新本格ミステリ。
とんでもないどんでん返しが、最後に用意されていることの多いジャンルです。
【感想】たった1行で世界がひっくり返る(綾辻行人『十角館の殺人』)論理的に犯人を追及していくものの、とんでもない真実が浮かび上がってきます。
どんでん返しがある以上は、「ズルい」「アンフェアだ」という意見もつきまといます。
主には、小説ならではのトリックですが、個人的には好きなジャンルです。
今回はその中でも、特にうまくしてやられた作品を紹介します。
倉知淳『星降り山荘の殺人』です。
雪に閉ざされた山荘に、UFO研究家、スターウォッチャー、売れっ子女性作家、癖の強い面々が集められた。

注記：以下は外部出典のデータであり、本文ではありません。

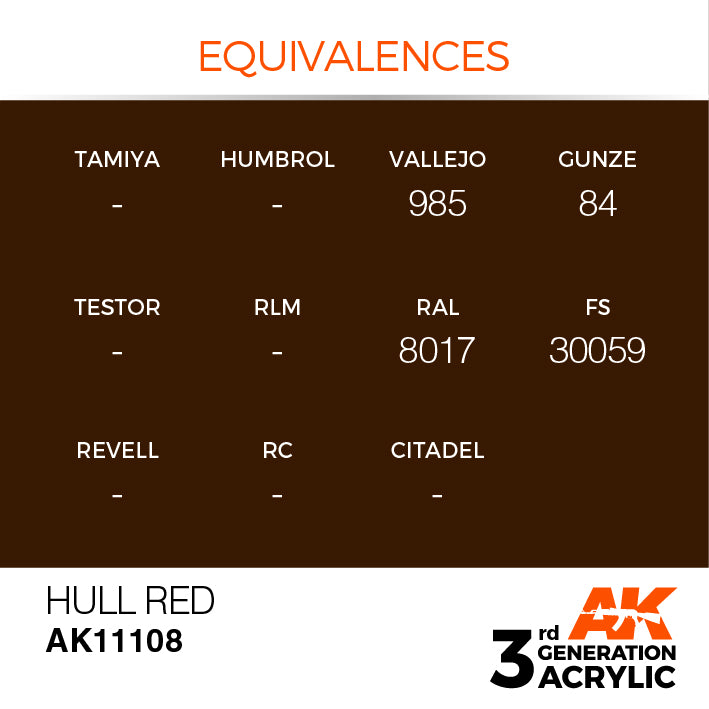 AK Interactive: 3rd Gen Acrylic Hull Red 17ml Model Paints AK INTERACTIVE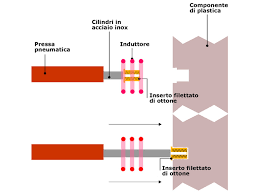 La plastica viene poi rapidamente raffreddata a temperatura ambiente, quindi la sua struttura rimane invariata. Amind Italia Riscaldo Ad Induzione Di Precisione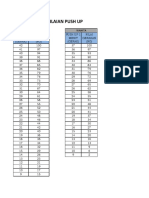 Tabel PUSH UP-1 PDF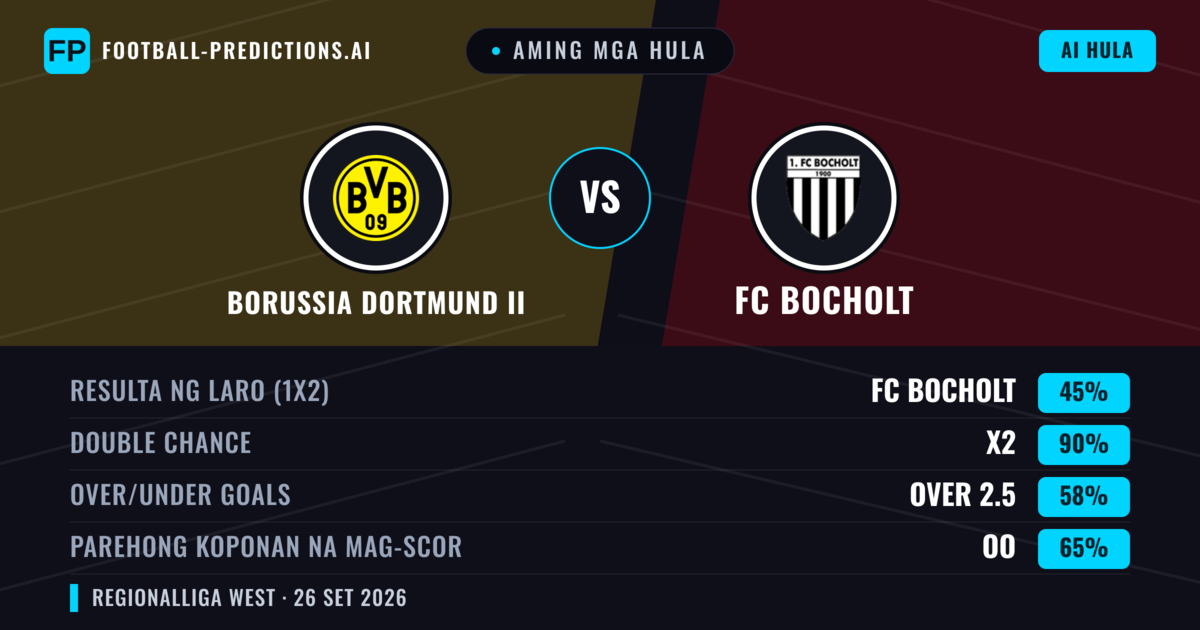 Aming mga hula: Borussia Dortmund II vs FC Bocholt — Borussia Dortmund II — Manalo (47%); Over 2.5; Parehong magbubuo: Oo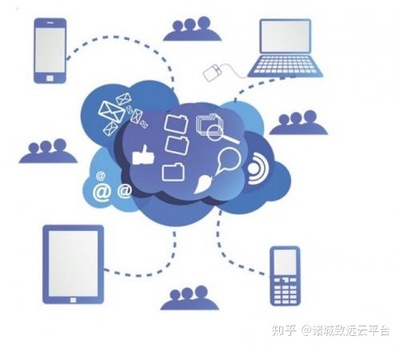 企業(yè)數(shù)據(jù)會不會被服務(wù)商利用?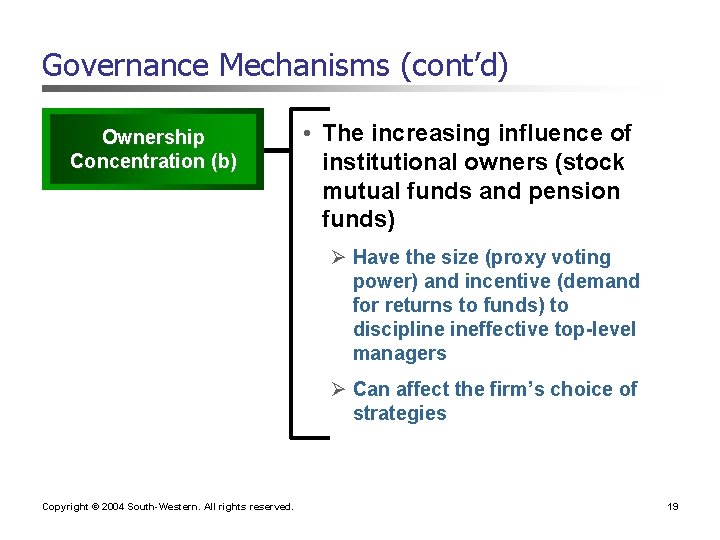 Governance Mechanisms (cont’d) Ownership Concentration (b) • The increasing influence of institutional owners (stock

交通が遮断され電気も電話も通じなくなった隔絶した世界で突如発生する連続密室殺人事件!
華麗な推理が繰り出され解決かと思った矢先に大どんでん返しが!?
見事に騙される快感に身悶えする名作ミステリー。(「BOOK」データベースより)
よくあるクローズドサークルなのだが
本作の舞台は大雪で孤立を余儀なくされた山荘。
いわゆるクローズドサークルです。
広告代理店で働く杉下は、上司とのトラブルが原因で左遷されてしまいます。
左遷先での仕事は、スターウォッチャー・星園のマネージャー業務。
星園は文化人として人気のタレントでした。
星園の仕事として、彼らはオープン前の山荘を訪れます。
イベントでは、小説家やUFO研究家らが集まっていました。
その山荘で事件は起きました。
招待主の会社の社長が何者かに殺害されたのです。
助けを呼ぼうにも外は大雪。この中に犯人がいるのなら探し出そう。
杉下と星園は推理を始めるのでした。
ナレーションがあるので読み進めやすい
本作には少し変わった演出が施されています。
章の冒頭にナレーションがついています。
例えば、小説の1番最初のシーン。
まず本編の主人公が登場する
主人公は語り手でありいわばワトソン役
つまり全ての情報を読者と共有する立場であり
事件の犯人では有り得ない
このように、各章がどのように進んでいくのか?を明記しています。
「何のための章なのか?」がわかりやすくなっています。
こうした演出のおかげですんなりと物語に入っていけるでしょう。
嘘偽りが一切ないからスゴイ
冒頭でお話の通り、本作のどんでん返しはとんでもないです。笑
普通、思いついてもやらないんじゃないかってくらい繊細に練られています。
もっとも感服したポイントは、読者に対して嘘が一切ないということ!
一般的な叙述トリックは騙す仕掛けが各所に施されています。
本作は(もちろん仕掛けはあるのですが、)嘘をつかずにしっかり騙してくれます。
あまりにもストレートな仕掛けに、つい「ふざけんな!」と思ってしまうことでしょう。笑
Amazonのレビューがあまり良くないのですが、個人的には大好きな騙し方でした。
映像化したら良い感じになるんじゃないかなとも思います。
どんでん返し系も一通り読んで、何となくトリックのタネに気付き始めた人にはオススメです。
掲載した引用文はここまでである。